Deep down in your soul, you know who I'm about to say.
Is it the US? Yep!
Ding, ding, ding, dear! We've got a winner!
And they were led
by none other than Kermit Roosevelt!
The son of Teddy Roosevelt.
Oh, fuck!
So he attempted to form
what he called a legion.
And he actually pulled it off.
A rough rider, if you will.
He rounded up 200 people
and got them to Finland by the end of March.
Unfortunately for
Finland, the war ended at the beginning
of March.
Meaning that they had absolutely
no use for these men.
Imagine Roosevelt, we're here!
War's over. They knew we were
coming. But we're here
though. Also, Finnish
doctors found that 30%
of the men were unfit for duty.
They went through a MEP
service in the Finnish?
Now, why do you think so many men were found unfit?
They were literally missing body parts and eyes.
Like, really, America?
You sent me dude with no fucking arms?
How will you ski?
Sir, I have no feet either.
God damn it.
Now, most of them ended up settling in Finland,
which I guess if any Finns are listening to this
and you have an American grandfather,
he was a fucking idiot.
I imagine they couldn't go anywhere
because they were like,
well, we're amputated and that move kind of sucked.
I got frostbite on my nubs.
Now, a large number of them decided that fuck this, we're going to go back to England.
They got lost and landed in Oslo, Norway.
At the exact same time the Nazis invaded.
Oh, fuck.
Which led to them being believed to be foreign soldiers and got them chucked in prison camps until the end of the war.
Wow.
Oh, my God. Wow. Oh my god.
Hilarity ensued.
This is what happens when you listen to a guy named fucking
Kermit Roosevelt. Any Roosevelt.
Though all
this inventorism and volunteerism
was nice, but Finland was really hoping
for, I don't know, diplomatic
pressure or military supplies or
something.
That Kermit to show up with an army of
amputees. What can you provide
for us? Half of a
few men. All together
we have about 75.
We brought 200.
Together we were about 75.
Unfortunately, none of that
happened. While the people of Sweden
openly supported the war effort,
the Swedish government did not want to be involved leaning hard into their neutrality uh to the point it was kind of
ridiculous like their own government was against their own neutrality which is kind of weird like
overall swedish public support is like we need to go to war to save finland and like the foreign
minister said the government stances quote neutrality carried to the point of pure idiocy but for some reason they were still neutral
all right this
okay those goddamn neutrals
it
it like at one point
I'm not going to go into it at length
but England
and America came to an agreement
mostly England and France is
involved as well where they were like
we can help Finland.
We'll invade through all these neutral countries without even talking to them
beforehand.
Like to beat the Nazis,
we must become the Nazis.
And that's like how Narvik became a thing,
which didn't end well.
Uh,
but yeah,
it was a really badly thought out plan that they didn't clear with.

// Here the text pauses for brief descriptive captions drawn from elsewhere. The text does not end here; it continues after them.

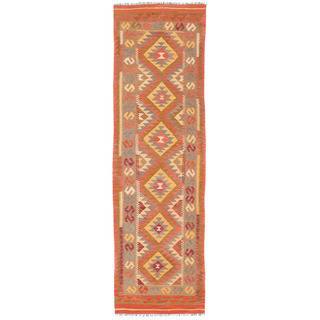 Herat Oriental Afghan Hand-woven Wool Mimana Kilim (2'10 x 9'10)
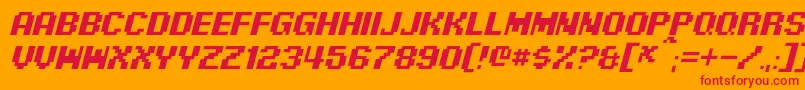 PixelDigivolveItalic Font – Red Fonts on Orange Background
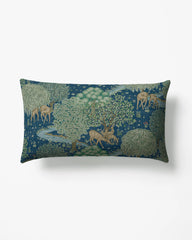 Brook Sapphire Blue Woven Lumbar Throw Pillow by Morris & Co.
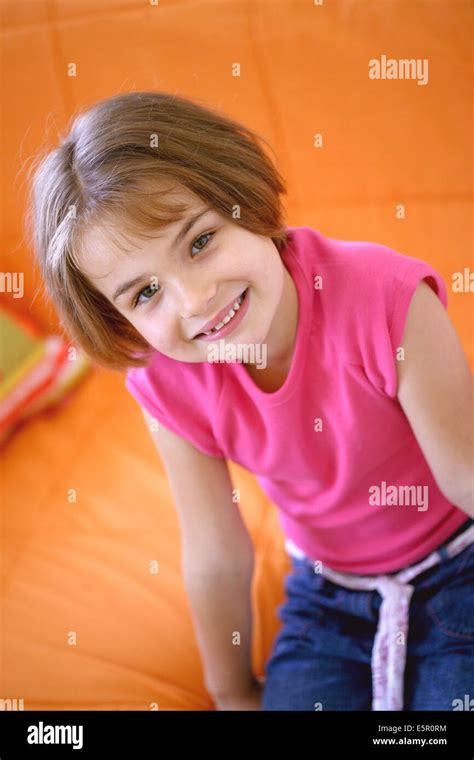 Portrait Of A 6 Year Old Girl Smiling Stock Photo Alamy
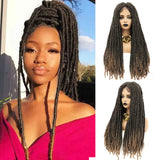 SOKU Braided Wig Middle part Lace Wig With Faux Locs Crochet Braid Hair 26 Inch Long Dreadlock Ombre Brown Synthetic Braids Wigs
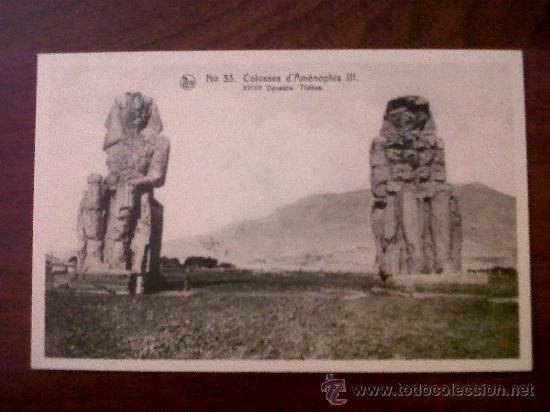 Postales: POSTAL ANTIGUA-CARTE POSTALE-NELS-N&ordm;33 COLOSSES D'AMNOPHIS III -EGIPTO-EGYPTE SIN CIRCULAR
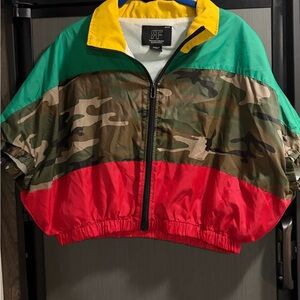 Red Fox Crop Windbreaker Jacket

Like part of their plan was going through Sweden.
They didn't even talk to Sweden about it
and then Sweden ended up finding out
and they're like no
you can't invade
us but yeah
now the one thing the government seemed willing
and able to do
to openly
help Finland was
and this is going to make
everybody kind of hate this the one guy who decided he really wanted to help Finland was, and this is going to make everybody kind of hate this.
The one guy who decided that he really wanted to help Finland,
Mussolini.
Fuck.
God damn it.
Mussolini's shitty fucking ass supplied the Finns with more than anything else
and anybody else.
He gave them more weapons, more supplies.

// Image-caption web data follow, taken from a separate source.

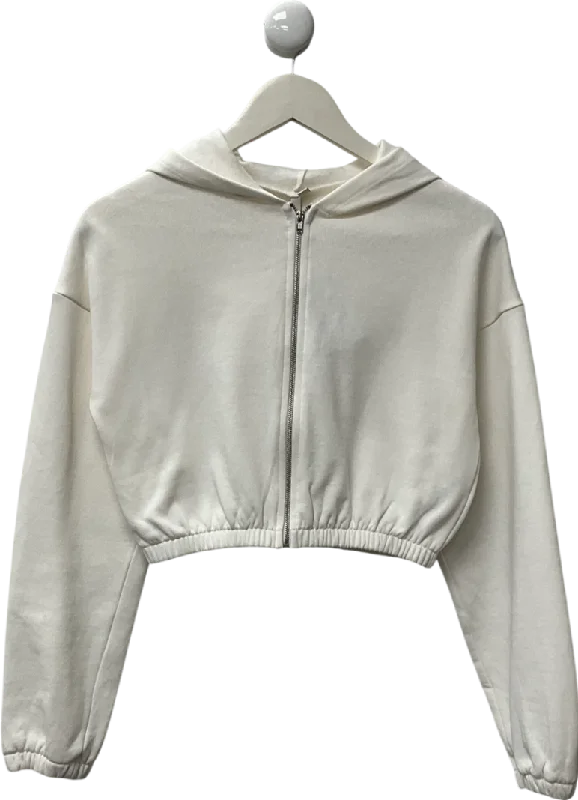 NLY trend White Cropped Zip Hoodie UK S Hoodie with Thumb Holes Functional Cozy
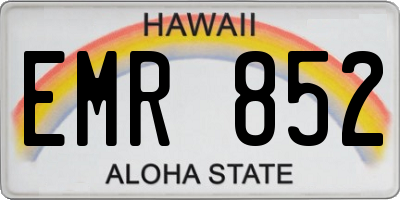 HI license plate EMR852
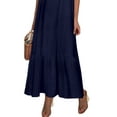 thumbnail image 3 of KVMeteor Women Casual Cotton Linen Dress Plain Sleeveless Maxi Long Dress, 3 of 4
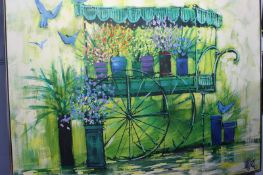 Large oil on canvas, 'Flower cart', Lee Reynolds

This included hundreds of tanks,
hundreds of planes and artillery pieces.
Now, it's not because the fascists
are suddenly like super giving.
It's because both he and Il Dujay
really believed in the,
like they really liked the idea of the Red Army
being tied down in a war to the north
rather than moving into the
Balkans because they both really liked that
area. They wanted to move and dominate that area.

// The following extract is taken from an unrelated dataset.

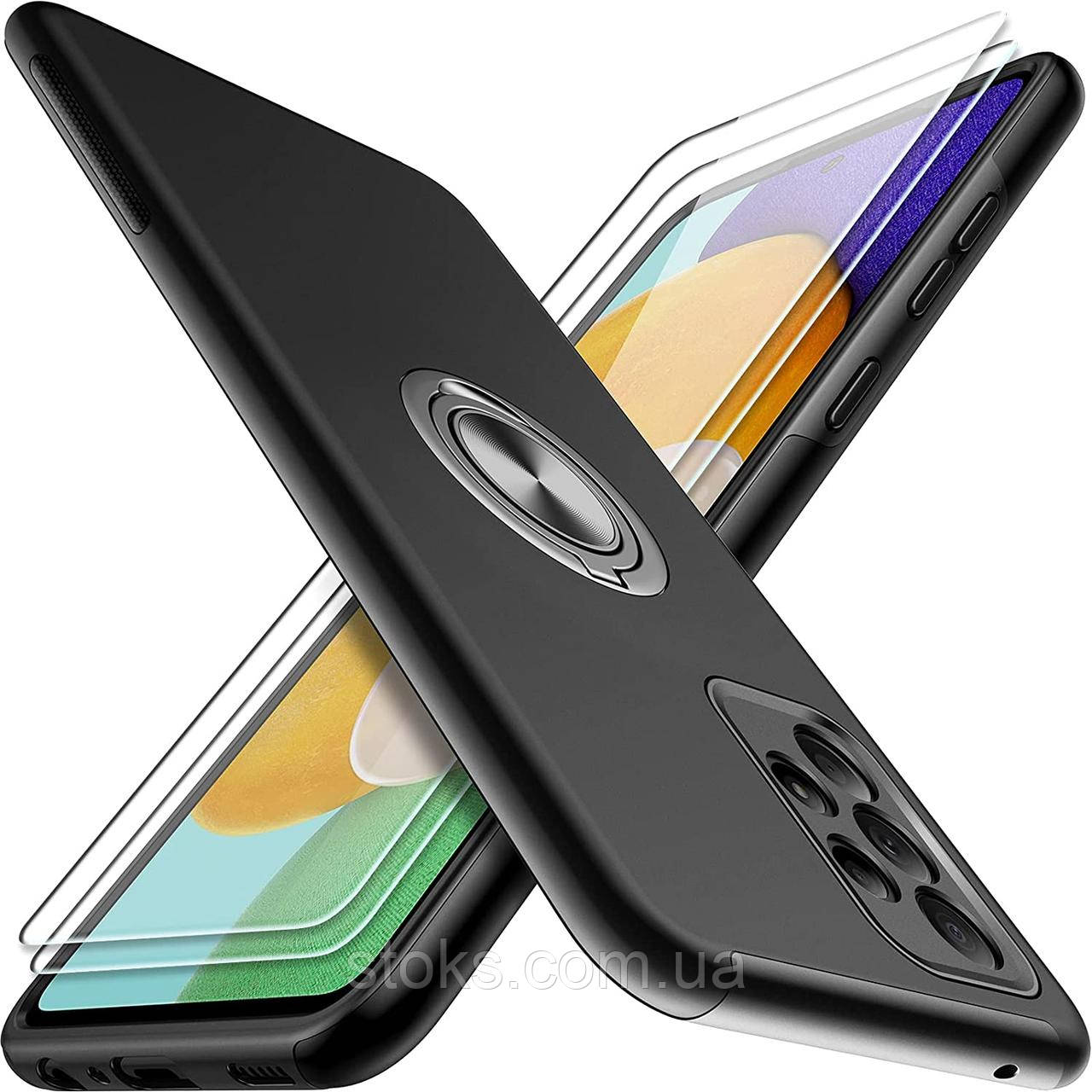 Комплект Чохол 1 скло для Samsung Galaxy A52/A52s з магнітом 5G Чорний, фото 1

It was in their best interest to keep
the Finns fighting for as long as possible in a
shitty proxy war to bleed
the Soviet Union.
I guess speaking,
the enemy of my
enemy is my friend,
but also fuck him.
I don't know.
There's layers here.
And obviously we've talked about before,
but Finland and Nazi Germany will definitely join forces and they fight the
continuation war together.
But it's really weird.
Even that's kind of iffy.
Cause then they fought against each other in the Lapland War and Finland kicked the Nazis out.
With their pasta rifles?
Finland is a land of contrast.
But we're not going to talk about the continuation of the Lapland War quite yet.
We might cover that at a later time.
But say what you will about the guys who allied with the Nazis, but they also beat the Nazis with their own weapons,
which is kind of funny.
It neutrals out.
Yeah.
Same, but different.
It's funny, too, because the Nazis are like,
yeah, here's all these tanks and planes and guns.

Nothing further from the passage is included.